The American Gazette

Commonsense political and social commentary from "Flyover Country"

Location: Rural Michigan, United States

Sunday, October 10, 2004

John Kerry and "the state of Islam"

From an interview with the New York Times Magazine

''We need to engage more directly and more respectfully with Islam, with the state of Islam, with religious leaders, mullahs, imams, clerics, in a way that proves this is not a clash with the British and the Americans and the old forces they remember from the colonial days,'' Kerry told me during a rare break from campaigning, in Seattle at the end of August. ''And that's all about your diplomacy.''

First let me ask-Is there a state of Islam? Yes and no.

Perhaps it is important to understand that in Islam there has never been a religious hierarchy that mimacs the religious hierarchy of Christianity, at least not until recent times. It is only in Iran that one finds a religious hierarchy that has mimaced what has been the norm in Christianity for hundreds of years. So then why does John Kerry think he can appeal to religious leaders, mullahs and Imams etc... and somehow convince them they are not clashing with British and Americans and the old forces they remember from the colonial days. Actually this entire paragraph that quotes John Kerry shows his complete lack of thought process.

There is no specific state of Islam to negogiate with. Believe it or not there are differences inside Islam and how they practice just like there are differences inside Christianity. Those differences are not as visible as they are in Christianity but they are nonetheless there. It is not as if there is some Islamic "Pope" one can go to and have a meeting with the expectation that single voice will be able to communicate certain thoughts to the followers of Islam. That kind of person simply does not exist. Islam has no Sacraments and no ordained Priesthood. An Imam has no Priestly duties, he is the leader of prayer.

A frequently quoted verse of the Qur'an bids Muslims to "obey God, obey his prophet and obey those in authority over you" This verse was interpreted as conferring authority equal to the Qur'an on the traditions of the Hadith. A collection concerning the actions and utterances of the Prophet who was divinely inspired by not only revelation but also in all that he said and did. This was an oral tradition that was handed down for generations and later put to writing. Together the Qur'an and the Hadith form the basis of Holy Law, Shari'a. Over generations of jurists and theologians this has been elaborated on throughout time.

As Islam spread the way Shari'a was elaborated on was fairly consistent. Without getting too much into detail Islam had various Empires that while held sway over a multitude of various ethnic peoples with various backgrounds the common theme of Islam and Shari'a law was consistent coming from one powerful source, the ruler of the Empire. The last of the great Islamic Empires was of course the ottomans. The purpose of the law ws to define a define a system of rules, the observance of which would enable believers to live a righteous life in this world and to prepare for the next. The principal function of the Islamic state and society was to maintain and enforce those rules.
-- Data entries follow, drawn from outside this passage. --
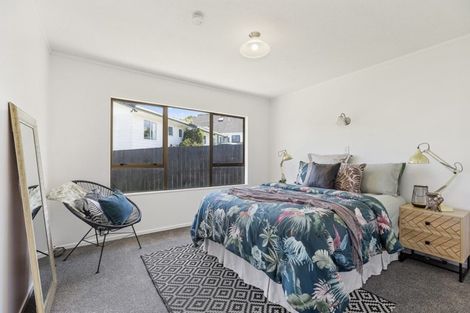 Photo of property in 24 John Witton Drive, Crofton Downs, Wellington, 6035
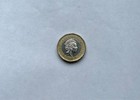 Queen Elizabeth II One Pound Coin 2016 gold and silver color excellent condition — photo 1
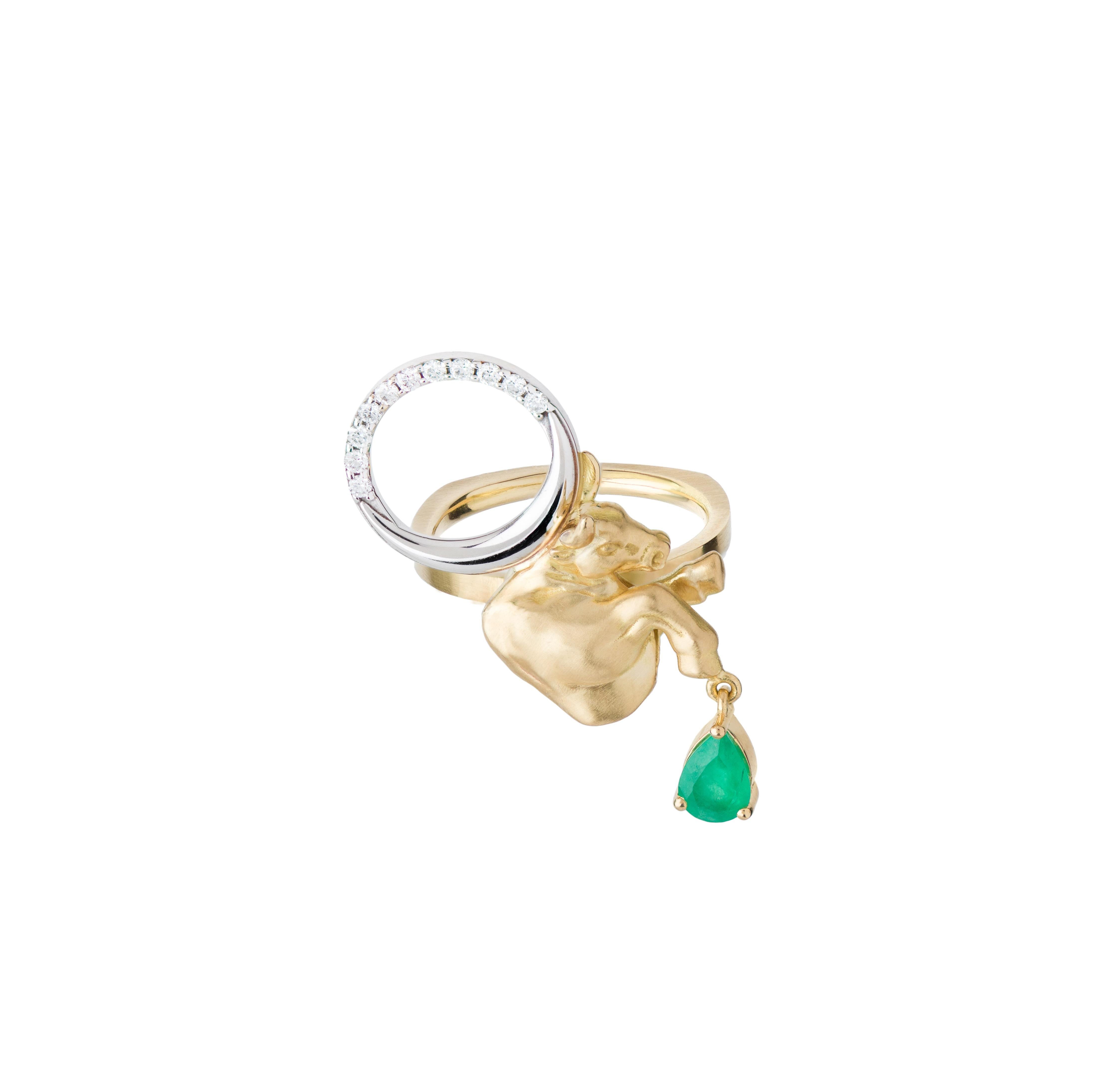 Una collaborazione tra Mozafarian e Katarina Tarazi, l'anello Taurus onora Apis, il dio toro dell'Antico Egitto.

Questo pezzo audace presenta diamanti bianchi da 0,12 carati e una pera smeraldo da 0,45 carati, incastonati in oro giallo e bianco 18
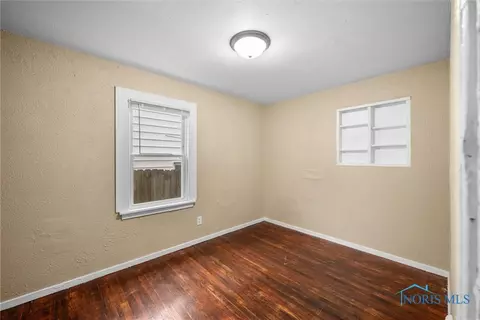 902 Coventry Ave, Toledo, OH 43607 photo 11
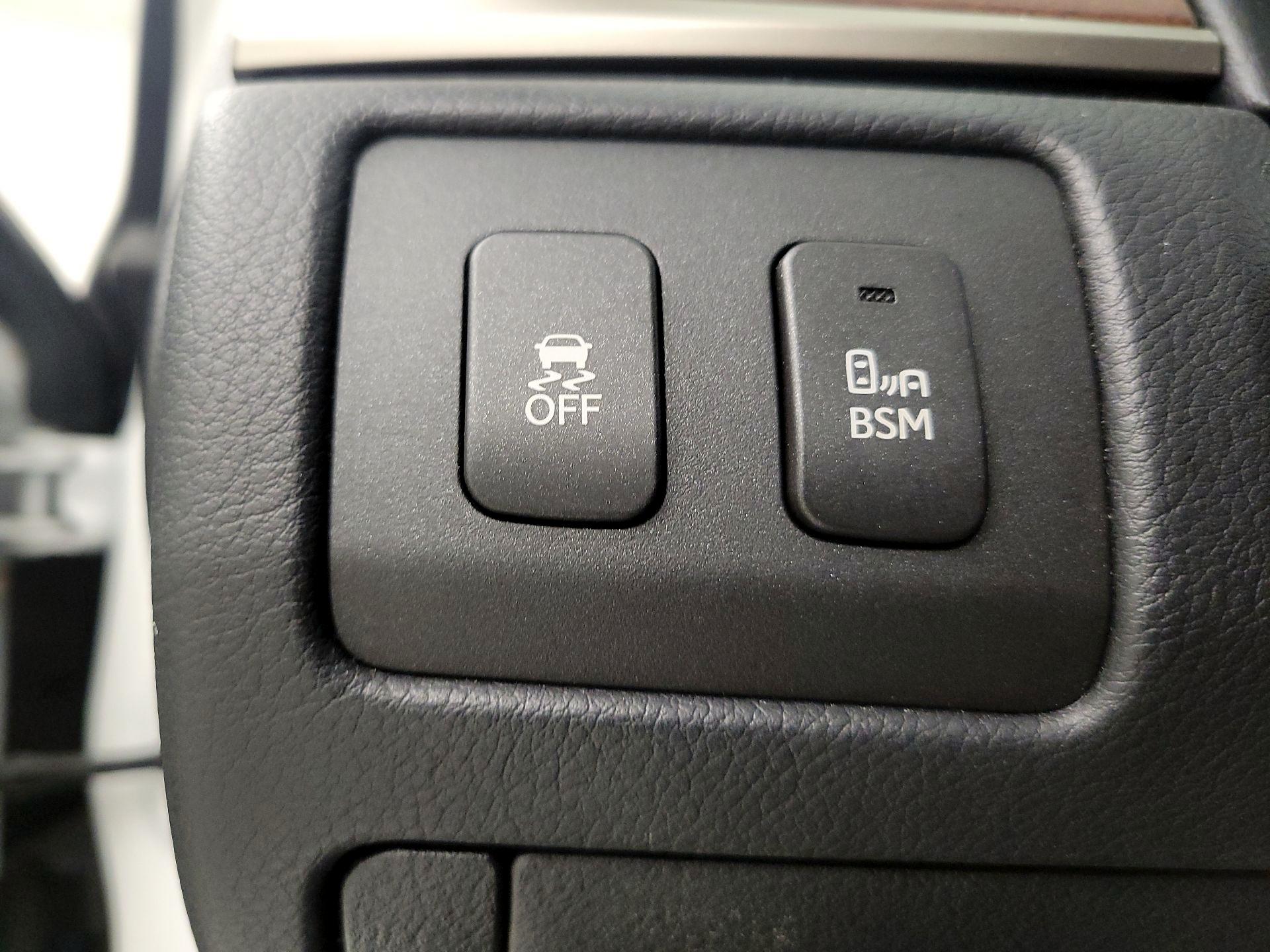 Thumbnail: 2015 Lexus GS - 13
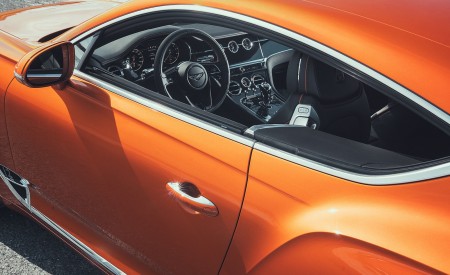 2018 Bentley Continental GT (Color: Orange Flame) Rear Three-Quarter Wallpapers 450x275 (24)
Under the Seljuks and even more later the ottomans, the ulema became ever more important. The ulema is a Muslim scholar trained in Islam and Islamic law. From the 11th century onward the ulema, especially those concerned with law, became much more involved with the state, in fact becoming basically part of the apparatus of the state. Even so, they never became a "church".

Islam has never produced an orthodoxy in the Christian sense of the word. There are no synods, no councils in Islamic history meant to define the truth or denounce error. The ulema, the theologians and jurists of Islam may as individuals or in schools or as noted in later times under the Ottomans as public office holders, formulate dogma and interpret scripture, but they form no ecclesiastical authority to lay down a single orthodox dogma.

In the history of Islam there were different schools of shari'a law, each with it's own principals and textbooks. Each with it's own judiciary, yet living in mutual toleration. There needed to be limits but characteristically theologians disagreed where to draw the line. Muslim theologians were ready to denounce charges of excess or deviation against other doctrines but were usually reluctant to pursue those charges to any type of conclusion. Accusations of apostate were not uncommon in early Islamic history, however few theologians were willing and able to invoke the penalties for apostasy against those whose belief differed from their own. The accused were for the most part left unmolested and some even held high office.

The absence of a single, imposed dogma in Islam is not an omission but a rejection of something that was felt by Sunni Muslims to be alien to the genius of their faith and dangerous to the community at large. Tolerance was to be extended to those who reached the required minimum of belief, that is those who profess what Islam recognized as the last revealed religion. Tolerance however may in no circumstances be extended to the apostate Muslim, the one who denies that Islam is the proper religion. The penalty for that is death. The profession of Islam is that God is one and Muhammad is his Prophet, the rest is in the details, and as we have seen there may be differences in those details but as long as one stuck to the basic premise that God is one and Muhammad is his Prophet there was much tolerance within the religion of Islam. Seen as best for the community. If there is anything even close to orthodoxy in Islam it is simply the five pillars of the faith.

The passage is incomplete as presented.